- Born: Isabella Malcolm 22 June 1850 Hoxton, London, England
- Died: 1 May 1926 (aged 75) Kingston upon Thames, Surrey, England
- Occupation: Social reformer
- Relatives: Kate Sheppard (sister)

= Isabella May =

New Zealand temperance worker and suffragist (1850–1926)

Isabella May (née Malcolm; 22 June 1850 – 1 May 1926) was a New Zealand temperance worker, suffragist and one of the founders of Rational Dress Society.

==Early life==
May was born in Hoxton, London, England, on 22 June 1850, and was the younger sister of suffragist Kate Sheppard. She arrived in New Zealand in 1869 with her mother, Kate, and their two brothers. In 1879, ten years after landing in Christchurch, she married Henry Ernest May. They had four children together.

==Political work==
May would work alongside other feminists and social activists to enact changes in New Zealand. Her efforts would be recognised abroad for her role in the Women's Christian Temperance Union New Zealand.

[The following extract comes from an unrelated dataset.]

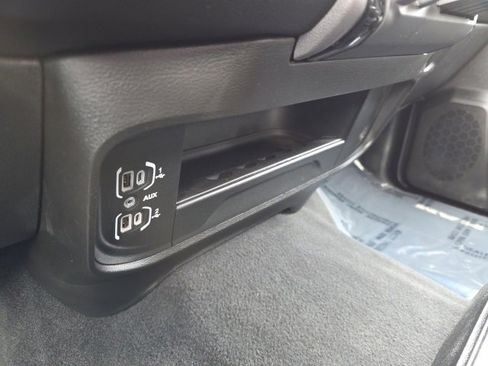 Used 2024 RAM 2500 Big Horn w/ Night Edition image 30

May joined the Christchurch branch of the Women's Christian Temperance Union New Zealand (WCTU NZ) when it was first formed under the guidance of Mary Clement Leavitt in 1885. She served as the founding superintendent of hygiene and went on to lead this department at the national level. She worked to advocate for dress reform for children and women. She traveled to London and served as the WCTU NZ representative for the council of the Women's Liberal Federation. She spoke at a meeting of the Society for the Abolition of the State Regulation of Vice at which the British activist Josephine Butler was president.

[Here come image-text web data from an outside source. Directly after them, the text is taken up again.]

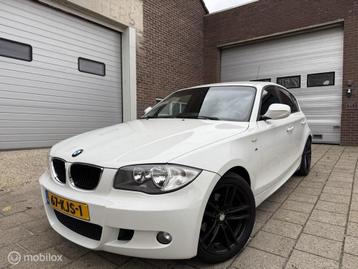 BMW 1-serie 116i Business Line Sport beschikbaar voor biedingen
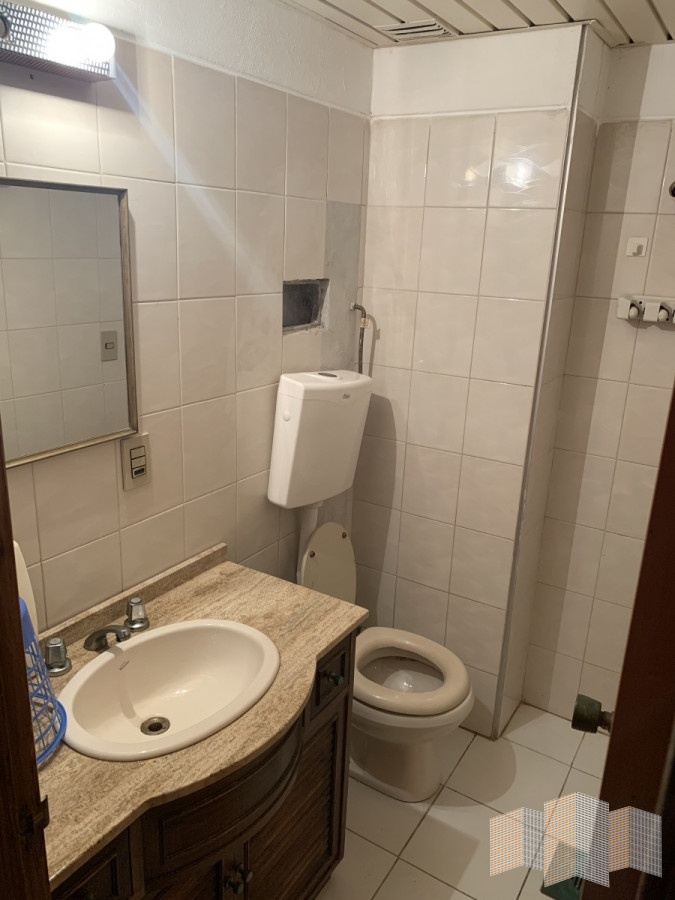 Local Comercial ID.3098 - EXCELENTEMENTE UBICADO 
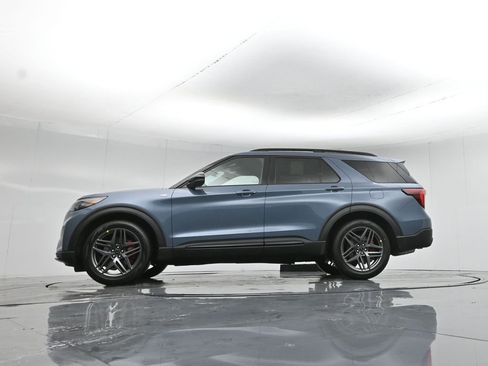 New 2026 Ford Explorer ST-Line image 7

When the Canterbury Women's Institute (CWI) was established in 1892, May led the hygiene department. Because this department became too radical in that first year, emphasising dress reform and wholefoods diets, the CWI decided to stop separating out in different departments.

In 1897, May became president of the CWI. She continued her leadership in the WCTU NZ and campaigned against the Contagious Diseases Acts of 1869 still on the books in New Zealand.

==Later life and death==
May travelled with her family in China around 1900 then settled near London where she continued her work for women's rights. She died at her home in Kingston upon Thames on 1 May 1926.